Regarding the HT loupes, five participants mentioned feeling “relaxed/relieved” in the neck. Six participants stated that the HT loupes had good visual functions, including clear vision (N = 2), a bright image (N = 4), and a broad field of vision (N = 4). In contrast, eight participants were dissatisfied with the visual functions of the HT loupes, mentioning reasons including a feeling of dizziness (N = 3), double vision (N = 2), shadows in the view (N = 2), and a difference in sharpness within the view (N = 1). In addition, two participants mentioned the disadvantage of the HT loupes not having glasses around the loupes for side vision and as a shield against splashed blood.

Regarding their own loupes, four participants stated that they were used to their own loupes and that they fit well. While four participants expressed that their own loupes caused them to have a bad posture, three mentioned that their own loupes were old and needed visual adjustment.
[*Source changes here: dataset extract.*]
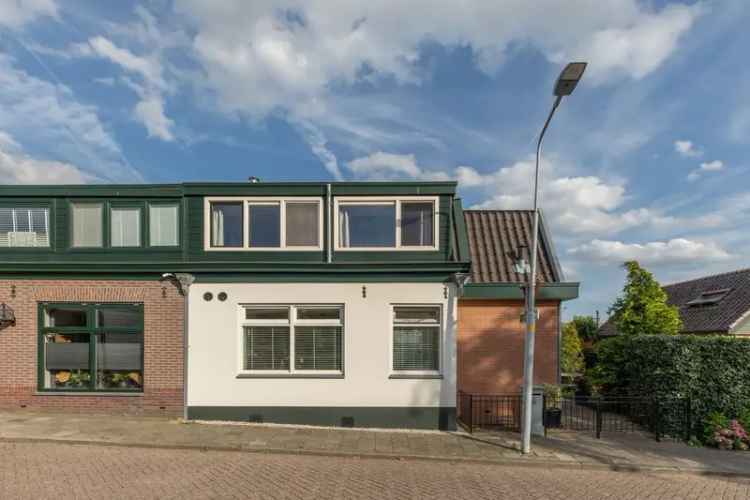 Huis te koop: Kerkhoflaan 4 1161 JC Zwanenburg 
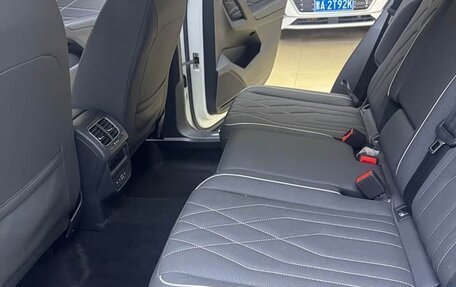 Volkswagen Tiguan II, 2023 год, 2 560 000 рублей, 10 фотография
3.6 Performance of surgeons

The task completion time [seconds, median (IQR)] was significantly longer when using the HT loupes in the PT compared to the surgeons’ own loupes and the LT loupes [own, 45 (41–49); LT, 46 (42–53); HT 57 (44–62); LT vs. HT, p = 0.002; own vs. HT, p < 0.001], and in the PC compared to the surgeon’s own loupes [own, 56 (48–76); HT 71 (59–90); own vs. HT, p = 0.005] (Figure 5). There were no significant differences in the numbers of surgical errors between different loupes in the BS [own, 0.5 (0.0–1.0); LT, 0.5 (0.0–1.4); HT 1.0 (0.0–1.5); overall, p = 0.628] or the PC [own, 0.5 (0.0–1.4); LT, 1.0 (0.1–1.5); HT 0.5 (0.0–1.0); overall, p = 0.404].

FIGURE 5

Figure 5. Task completion time of three simulated surgical tasks of the 19 participants compared among the surgeons’ own surgical loupes, the low-tilt loupes, and the high-tilt loupes. For each box, the middle line represents the median value; the upper and lower edges of the box denote the upper and lower quartiles; the upper edge and lower edge of the whiskers denote the nonoutlier maximum and minimum; and outliers are marked with +. Significant differences are indicated with ^* when p < 0.05, ^** when p < 0.01, and ^*** when p < 0.001.

4 Discussion

The main results of this randomized crossover study were that using prismatic loupes (compared to traditional loupes) reduced two ergonomic risk factors – head inclination and neck muscle activity –without increasing surgical errors. However, in two of three tasks, the completion time was prolonged when using HT loupes.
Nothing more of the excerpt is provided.